Extreme-scale Scientific Data Stores

Experiments at the frontiers of particle physics are beginning to build scientific data stores at scales of hundreds of petabytes, and Argonne is at the forefront, providing leadership in design and development of the underlying input/output (I/O), data persistence, and metadata infrastructure necessary to support science at such data scales.

Image credit:  CERN, 2001
The European Organization for Nuclear Research, or CERN's, Large Hadron Collider, near Geneva and Lac Leman. In the foreground, the red ring indicates the location of the tunnel, which is 100 meters (328 feet) below ground. The ATLAS site is at the 2 o'clock position. The French Alps with Mont Blanc can be seen in the background. (Image credit: CERN 2001)

The Large Hadron Collider (LHC) is arguably the largest scientific instrument in the world, colliding high-energy proton beams at nearly the speed of light in a ring that is 27 kilometers [16.8 miles] in circumference and 100 meters [328 feet] underground and located just outside of Geneva, Switzerland. By recreating on a small scale conditions near those of the Big Bang, the LHC is designed to illuminate some of the most important and intriguing questions in contemporary physics, including the origin of mass; physics beyond the Standard Model; the makeup of the early universe; supersymmetry and the nature of dark matter and dark energy; and the possibility of extra, "hidden" dimensions beyond those encountered in everyday experience.

ATLAS is one of two general-purpose detectors built to address this ambitious research agenda. The ATLAS detector is, in fact, a collection of almost 100 heterogeneous detectors organized into half a dozen subsystems. Together, they are the size of a five-storey building and reflect a variety of designs and purposes, including tracking, particle identification, calorimetry, muon spectrometry, luminosity measurement, and more. More than 3,000 PhD physicists from 174 universities and research institutes in 38 countries around the globe are members of the ATLAS collaboration.

Image credit:  ATLAS Experiment ©2012 CERN

Installing the ATLAS calorimeter. The eight toroidal magnets can be seen with the calorimeter before it is moved into the middle of the detector. This calorimeter will measure the energies of particles produced when protons collide in the center of the detector. (Image credit: ATLAS Experiment ©2012 CERN)

For more than a decade Argonne has held coordination responsibility within the international collaboration for the globally distributed, 100-petabyte ATLAS data store, I/O framework, and metadata infrastructure that supports this endeavor.
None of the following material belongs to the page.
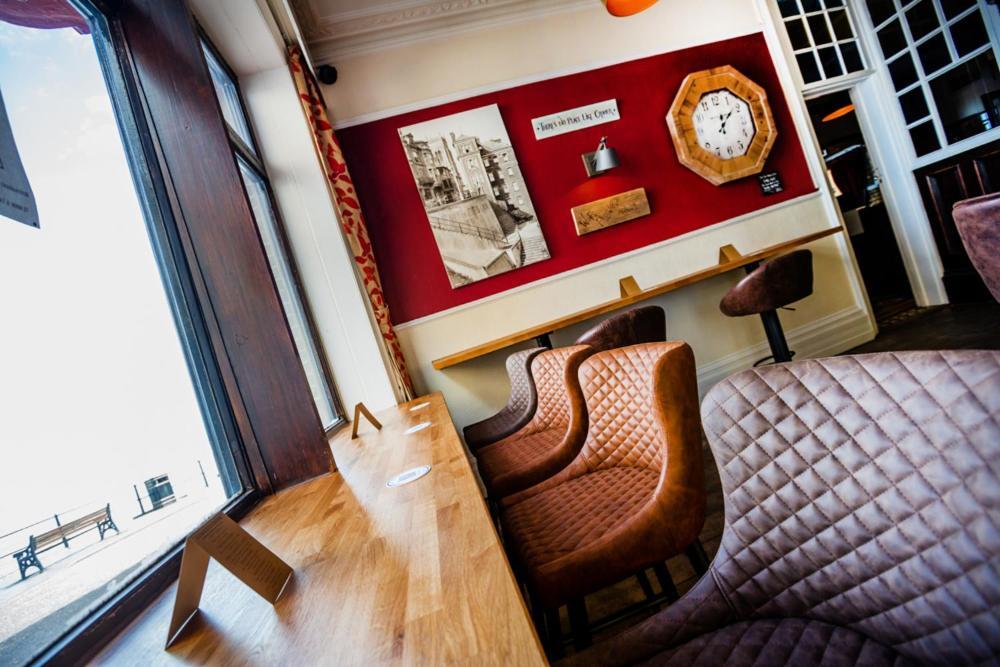 The Red Lion Hotel Cromer Bagian luar foto Interior of the station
Argonne leads an international team of developers responsible for the design and delivery of software to ensure that ATLAS physicists can efficiently and robustly identify, select, navigate to, and access data of interest in a distributed store at such scales, and can also understand their data's provenance. Because the LHC will run for decades, Argonne researching are working to ensure that the ATLAS collaboration has the flexibility to evolve its data model and infrastructure while maintaining backward compatibility, and they are also adapting ATLAS software to take advantage of emerging software and hardware technologies, including new chip designs and increasingly multicore processors, which are all important aspects of this ongoing work.